Told in second-person narrative, Sous Chef is an immersive, adrenaline-fueled run that offers a fly-on-the-wall perspective on the food service industry, allowing readers to briefly inhabit the hidden world behind the kitchen doors, in real time. This exhilarating account provides regular diners and food enthusiasts alike a detailed insider’s perspective, while offering fledgling professional cooks an honest picture of what the future holds, ultimately giving voice to the hard work and dedication around which chefs have built their careers.
In a kitchen where the highest standards are upheld and one misstep can result in disaster, Sous Chef conjures a greater appreciation for the thought, care, and focus that go into creating memorable and delicious fare. With grit, wit, and remarkable prose, Michael Gibney renders a beautiful and raw account of this demanding and sometimes overlooked profession, offering a nuanced perspective on the craft and art of food and service.
In my experience, there are three types of food books. The brilliant, the okay, and the horrible. It comes down to the strength and integrity of the narrative voice: how much do they make us believe/invest in them, their stories, and their lives?

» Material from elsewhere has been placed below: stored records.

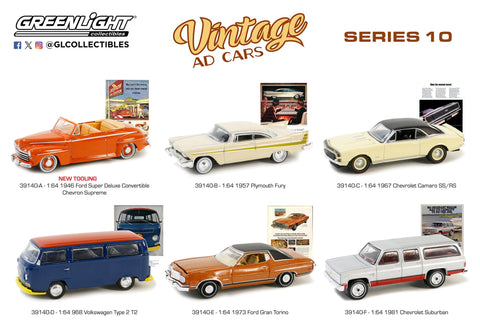 (Pre-Order) Vintage Ad Cars Series 10 6 Car Assortment Greenlight Collectibles - Big J's Garage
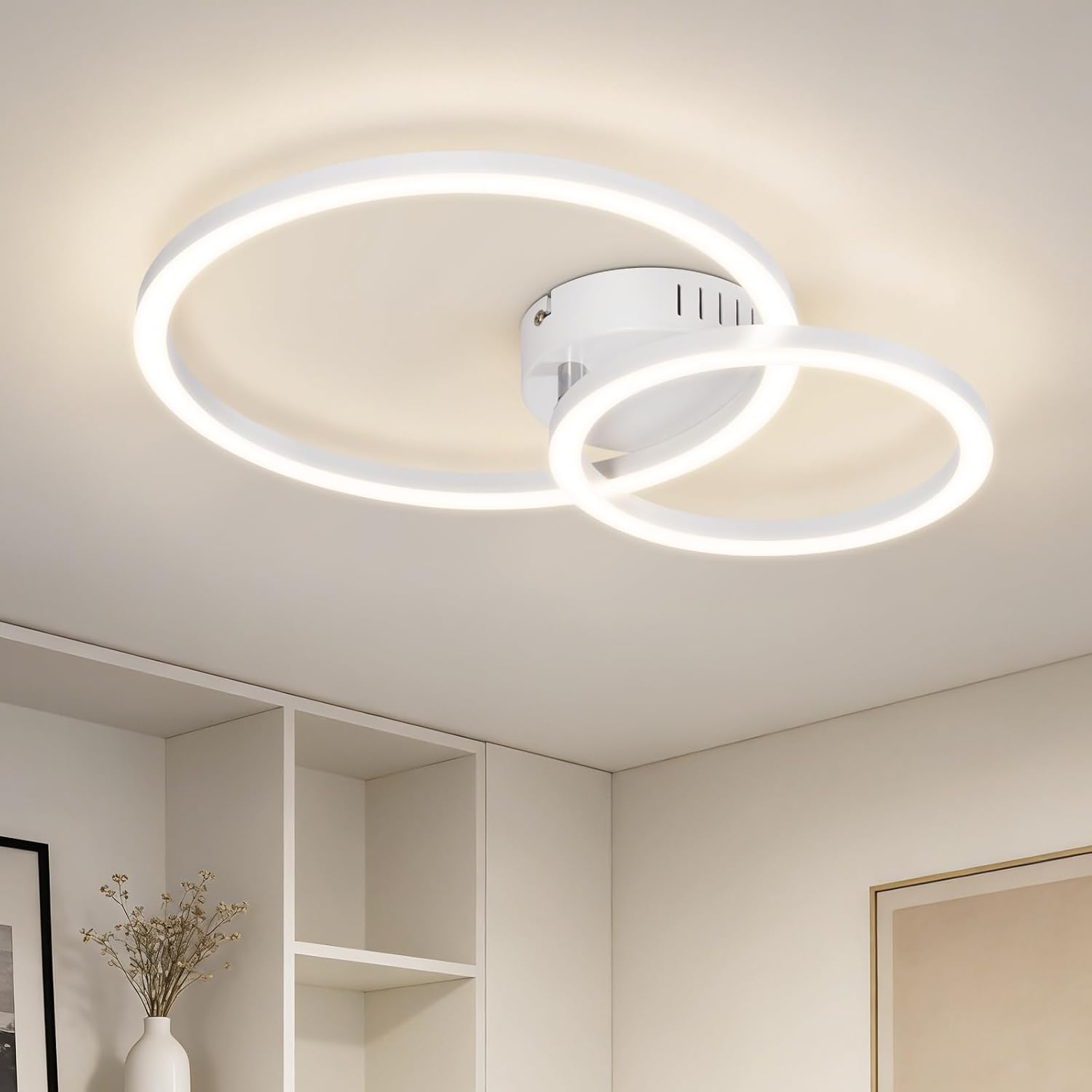 ZMH LED-kattovalaisin olohuoneeseen 4000k 23w moderni kattovalaisin 40cm 2 rengasta keittiön eteiseen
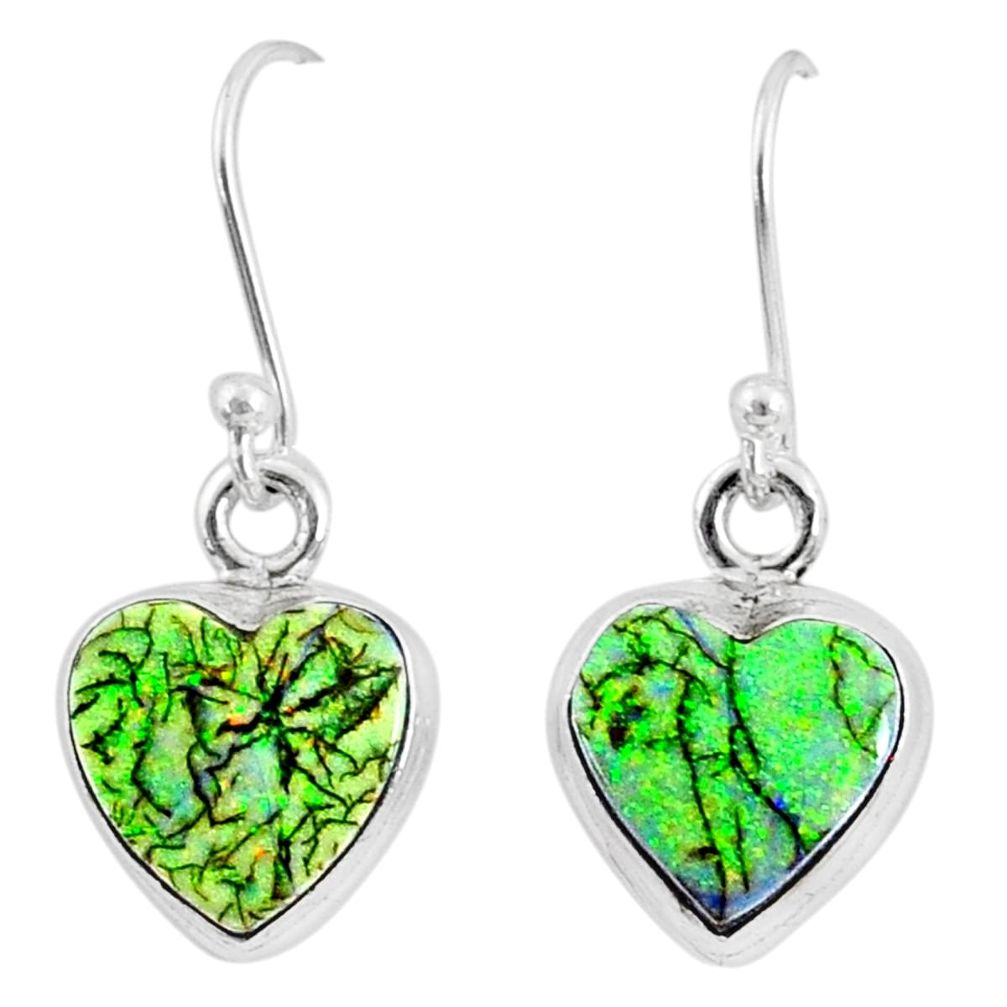 6.10cts multi color sterling opal 925 sterling silver heart earrings r70190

Michael Gibney’s Sous Chef is falls into the second category. The decision to make the entire story in second person is a brave one, and I applaud him trying to bring the reader into the world of the kitchen. It felt too disjointed and odd – I would have been more comfortable with the first person persona, seeing the based-upon-true-events day in the life through his eyes instead of his/my own.
I became really irritated with the narrative about halfway through the book as he’s/I’m organizing the speech for the wait staff’s preservice with the kitchen. Gibney uses the phrase “You need to know” 24 times in two and a half pages (beginning on the bottom of page 67 to the very last sentence of page 69). This repetition drove me insane, draining away from Gibney’s very obvious love of food and the job. It wasn’t engaging; it was tiresome.
The shining light is that love of food. Gibney, your second person narrator, appreciates food in a completely different realm than the majority of us. His narrative as he describes his knifes, their balances, and lull and noise of the kitchen…it’s breathtaking, but overwhelmed by the second person narration.
Sous Chef is okay. It’s a strong book in the love of food, but the narration drops its power quite a bit. But for a quick read, it’ll do.